Once PE is finished, an MT system receives the feedback and exploits it: performs an online adaptation of its models according to the user new inputs. In the case of SMT this adaptation can be performed to model weights, as well as to the model itself (see section 3.3.1). The next sections will briefly describe technical details of those updates that vary depending on the amount of feedback. We will also present ways of exploiting PRE feedback in SMT. Then, we will turn our attention to the problem of compatibility of those updates with real-life PE scenarios. We will discuss the issue of the permanency of updates and of the selectiveness towards this feedback (see section 3.3.2). We will also describe some scenarios of using online updates for domain adaptation (see section 3.3.3), as well as the benefits of performing online updates to an automatic PE system, rather than to an MT system (see section 3.3.4).

Online Adaptation

The adaptation of system weights is usually performed by means of online learning (OL) mechanisms. OL, as opposed to batch learning, updates models on a per-example basis instead of going through the whole example set. OL takes the following steps:
1. OL receives an instance;
2. predicts its label.
3. receives the true label.
4. performs an update of the model.
Such online training schedules perfectly fit into the PE scenario, where the human-machine interaction usually happens on a per-sentence or per-document basis.

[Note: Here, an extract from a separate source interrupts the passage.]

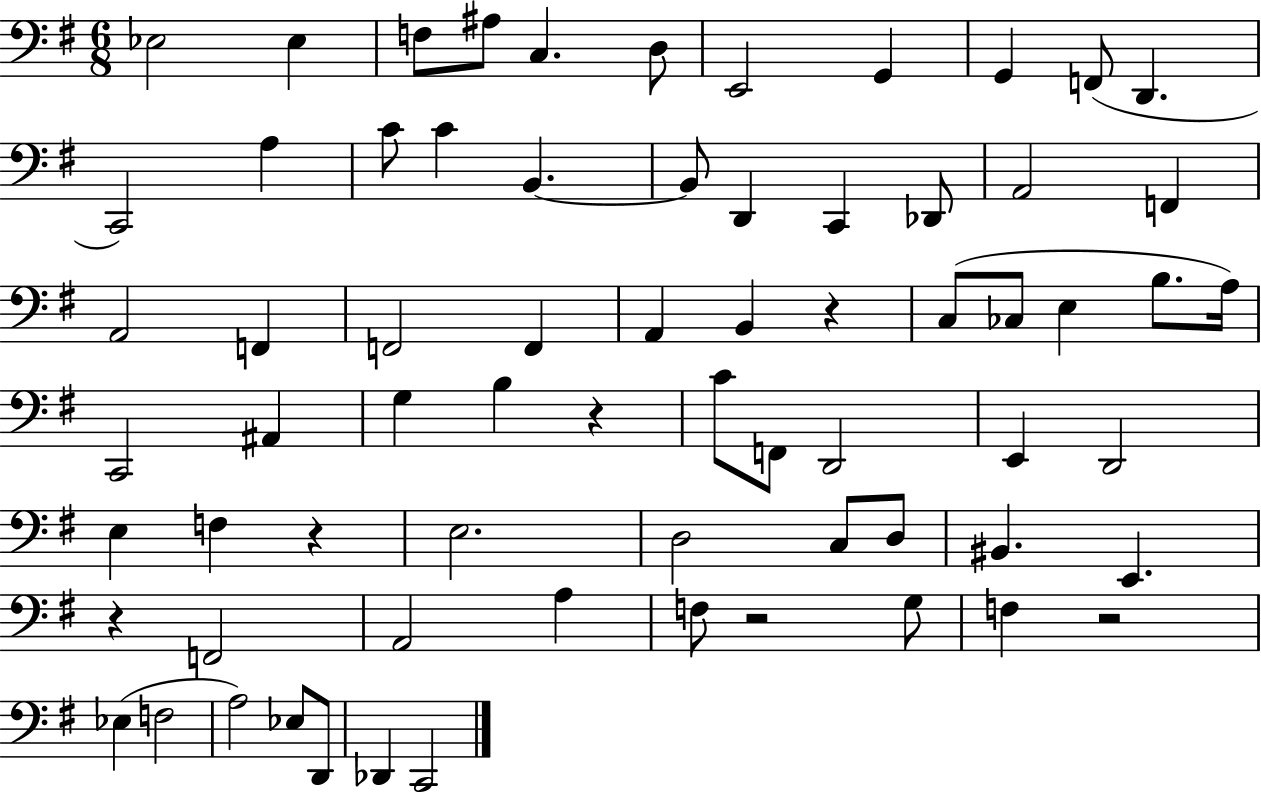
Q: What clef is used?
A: bass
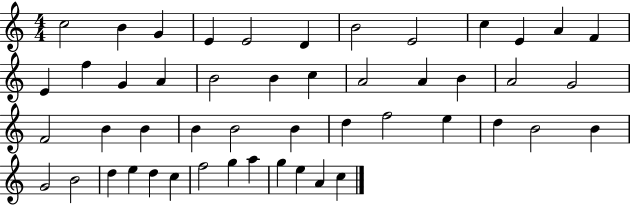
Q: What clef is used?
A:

Selectiveness towards Human Feedback (Active Learning)

The influence of additional data on MT quality is a well-studied issue [Turchi et al., 2008; Gasc´o et al., 2012; Haddow and Koehn, 2012]. In the absence of real-time constraints, the utility of new data can be verified through the time-consuming process of system re-training and testing. Regular minor online updates make such verifications almost impossible. In a real-life setting, the process risks to become even more complex with the presence of multiple post-editors providing their feedback at the same time.
One of the approaches that addresses the issue is Active Learning (AL) [Settles, 2009]. It relates a group of methods for choosing the training samples that are most likely to improve a system. The initial goal of these techniques is to save human effort by proposing to annotate less data, for MT followed by PE the focus is usually switched to being selective towards the data used for updates. AL is commonly applied to SMT at the sentence level. The main intuition is to choose the most informative sentences for updates that contain a maximum amount of new information [Eck et al., 2005; Haffari and Sarkar, 2009; Haffari et al., 2009; Gonz´alez-Rubio et al., 2012; Du et al., 2015]. For instance, Eck et al. [2005] weight sentences according to the quantity of previously unseen frequent n-grams.

Automatic Post-Editing

Another solution to exploit human feedback consists in online adaptation of Automatic Post- Editing (APE) systems instead of MT models [Simard and Foster, 2013; Lagarda et al., 2015; Chatterjee et al., 2016, 2017a]. APE seeks to automatically correct errors in MT before it is presented to the user. Motivations to use APE systems are diverse: the fact that those systems have access to new information not available to an MT system and are able to perform more direct changes [Parton et al., 2012], they are also lighter and can be more easily adapted to a style or a domain [Chatterjee et al., 2017a].
APE can be SMT-based (“translation” from MT into PE) [Simard et al., 2007a,b], rule-based [Rosa et al., 2012] or neural-based [Pal et al., 2016, 2017]. For instance, Chatterjee et al. [2017a] simultaneously learn several domain-specific APE models from user feedback. The authors use a domain-aware sampling technique to build per-sentence APE models for each new MT output. When no relevant data is available to build a model, MT is not corrected. User feedback is exploited to update the rules containing the information on MT bi-phrases and their corrections. Those rules have the following form: ( ¯ f#¯e, PE). A dynamic knowledge base that stores positive (correct application of a rule) and negative (application of a rule in a wrong context, the rule not used by the decoder) statistics seeks to increase the reliability of APE modifications.
In our mind, APE scenarios are more suitable for production scenarios with experienced professional post-editors, who perform reliable corrections.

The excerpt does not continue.